Does the voice stay the same?

A native end-to-end model builds its voice token by token, so two things can go wrong over a long call. It can drift away from its own voice, or it can drift toward yours. We measure both from the audio alone. The short answer on this one model: it steps down off turn 1 and then holds, and it never starts sounding like the caller.

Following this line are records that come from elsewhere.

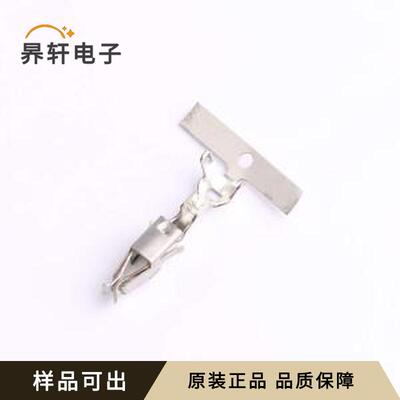 927772-1全新原装-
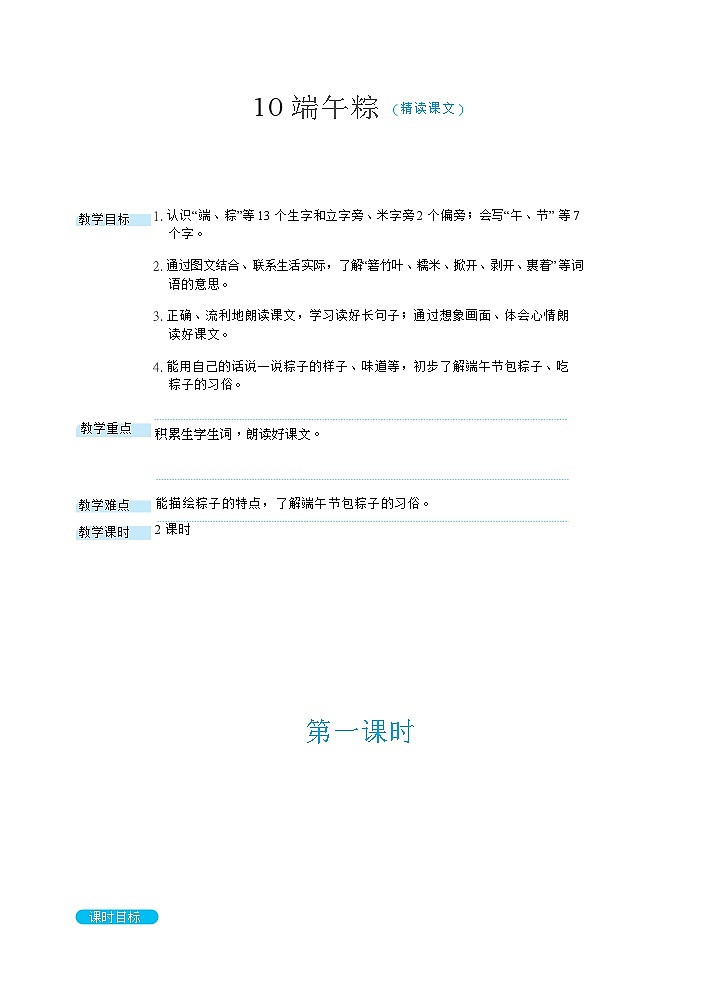 部缟1语下 第4单元 9.《端午粽》 PPT课件+教案01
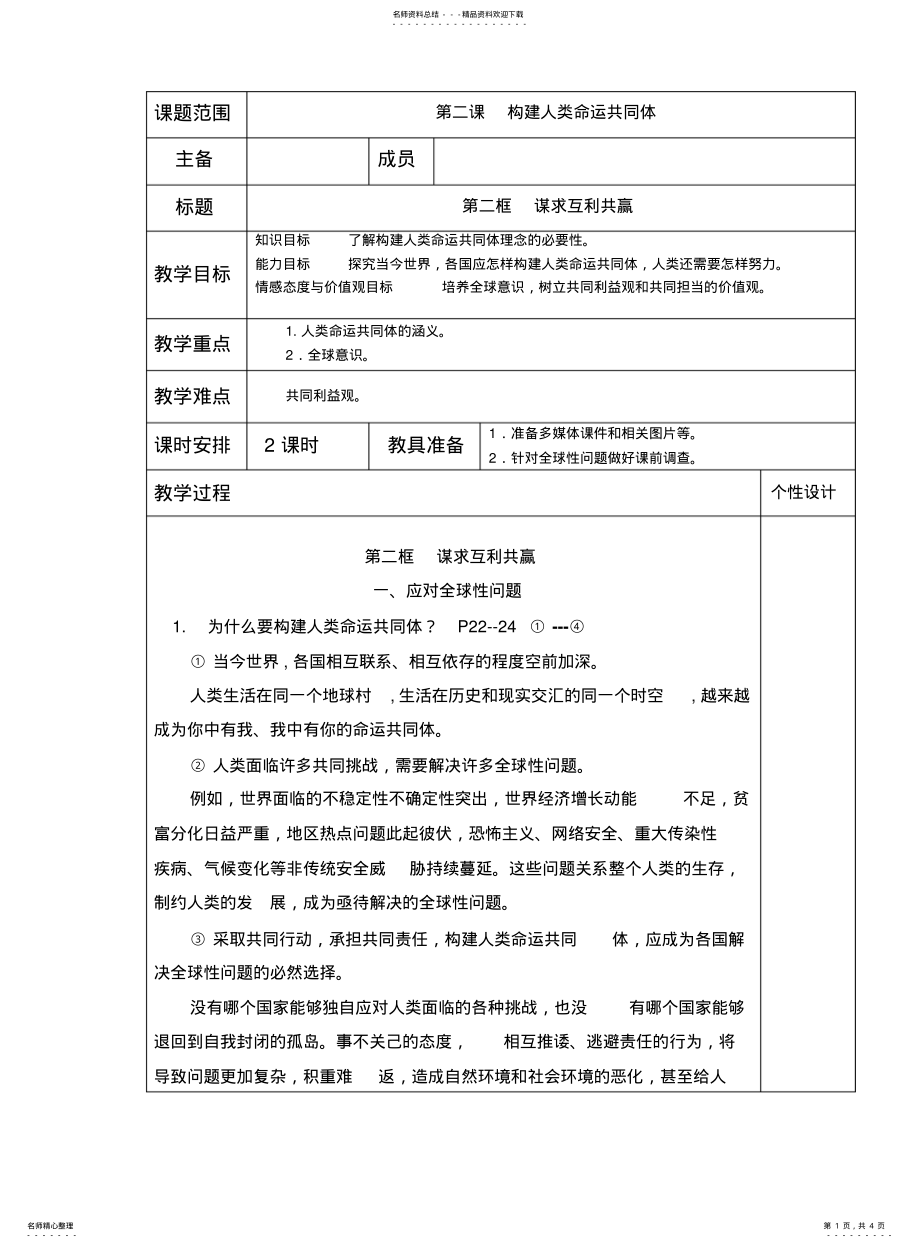 2022年部编九下.谋求互利共赢教案 .pdf_第1页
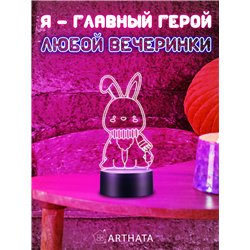 Детский Светильник ночник декоративный Зайчик в шарфике
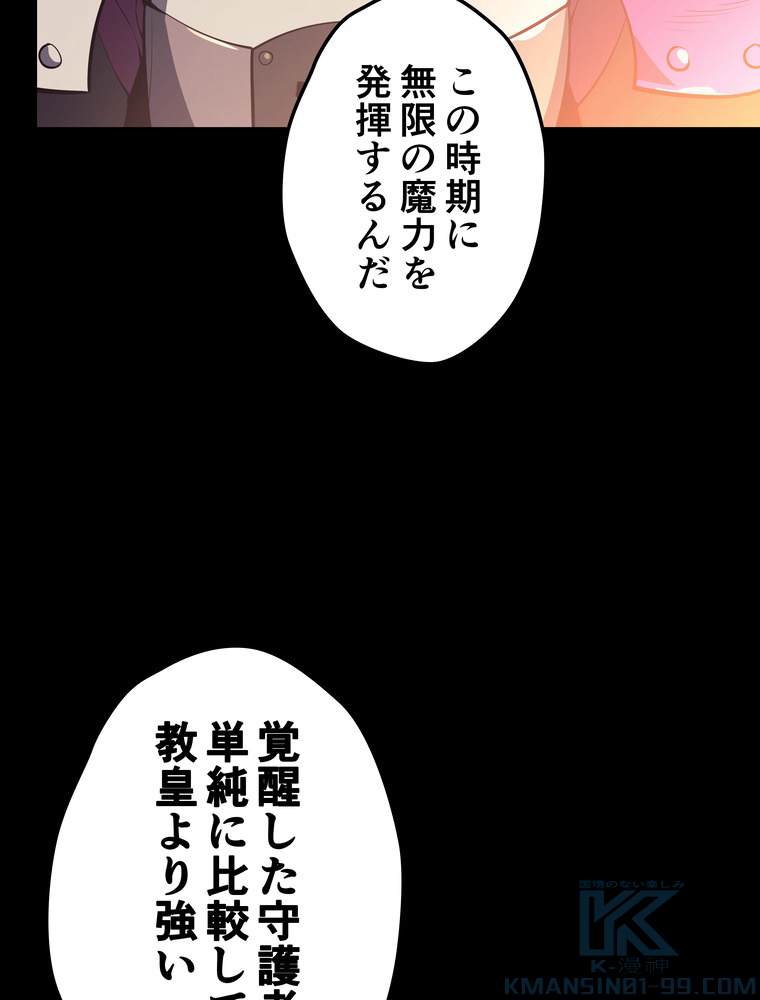 テムパル〜アイテムの力〜 76話 - Page 138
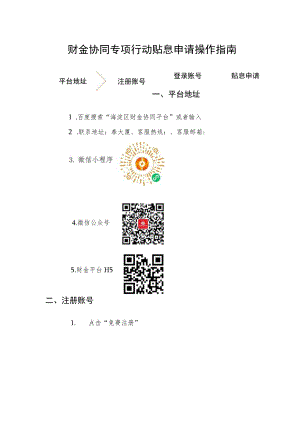 财金协同专项行动贴息申请操作指南.docx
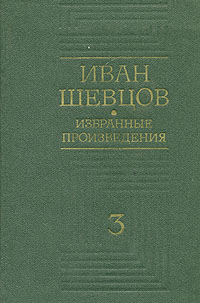 Иван Шевцов. Избранные произведения в трех томах. Том 3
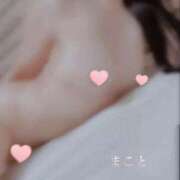 ヒメ日記 2026/01/27 10:46 投稿 まこと 奥様さくら日本橋店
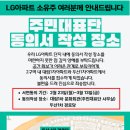 두산1차아파트경로당 이미지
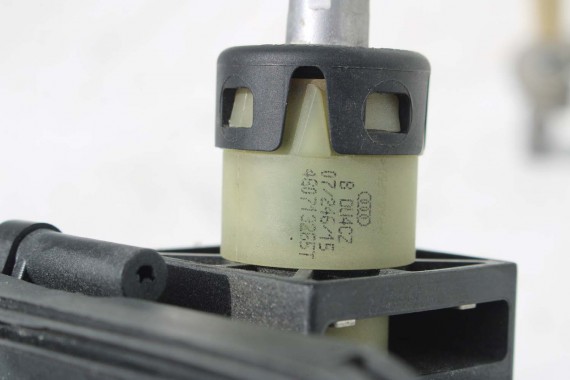 AUDI A6 A7 WYBIERAK 4G1713041AL AUTOMATYCZNEJ SKRZYNI BIEGÓW lewarek dźwignia 4G1713041AL AUTOMAT 4G c7 4G1713105 4G1713041AL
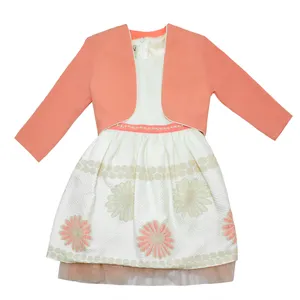 ست کت و پيراهن دخترانه مدل بينا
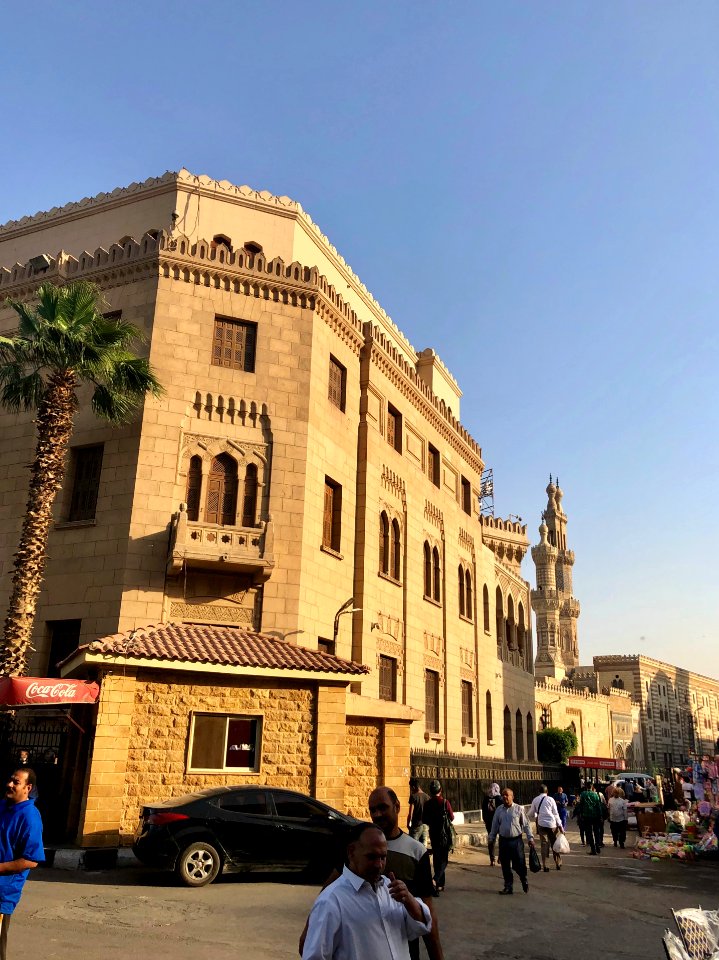 Al-Azhar University Senior Scholars Building, Old Cairo, a…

Preliminary: a single native S2S model, measured as the median of three caller voices over 30 turns each. Numbers are per-voice, not whole-catalog — multi-provider runs land next.

self-consistency

Does it stay itself?

PRELIMINARYn=3 voices

Does the model still sound like the voice it started with as the conversation goes on? Higher cross-turn cosine-to-turn-1 means it holds its identity.

Cross-Turn Stability

Higher is bettern=3 voices

Cross-turn cosine-to-turn-1 — how much the voice still sounds like turn 1 as a conversation goes on.

What we found

The voice drops to ~0.60–0.65 cosine-to-turn-1 by the third turn and then holds roughly flat for the rest of the 30-turn conversation — it doesn't keep sliding, but it never returns to sounding like turn 1 either. That early step-down is the real signal here. As with within-turn drift, treat this as native-S2S-only: a pipeline that re-triggers a fixed TTS voice every turn sits near 1.0 by construction, so it can't be ranked against native models on this chart.

Higher cosine-to-turn-1 = the model still sounds like itself. This metric is most meaningful for native S2S models; a fixed-TTS pipeline resets to one voice every turn and stays near 1.0 by construction, so it must not be ranked against native models here.

voice identity · deepfake-biometric canary

Does it start to sound like you?

PRELIMINARYn=3 voices

A safety canary, not a procurement score. The failure mode: a voice model quietly absorbing the caller's voice over a long call, until its output could pass as theirs. We probe it from the waveform — speaker-print drift toward the caller. Negative = no contamination.

Speaker-Print Drift Toward User

≤0 = no leak · bettern=3 voices (median)

Plain English: does the model start to sound like the caller as the conversation goes on? Below zero means it keeps its own voice.

What we found: the model does NOT mimic the caller. The differential stays negative for all 30 turns — the model holds its own voice end to end.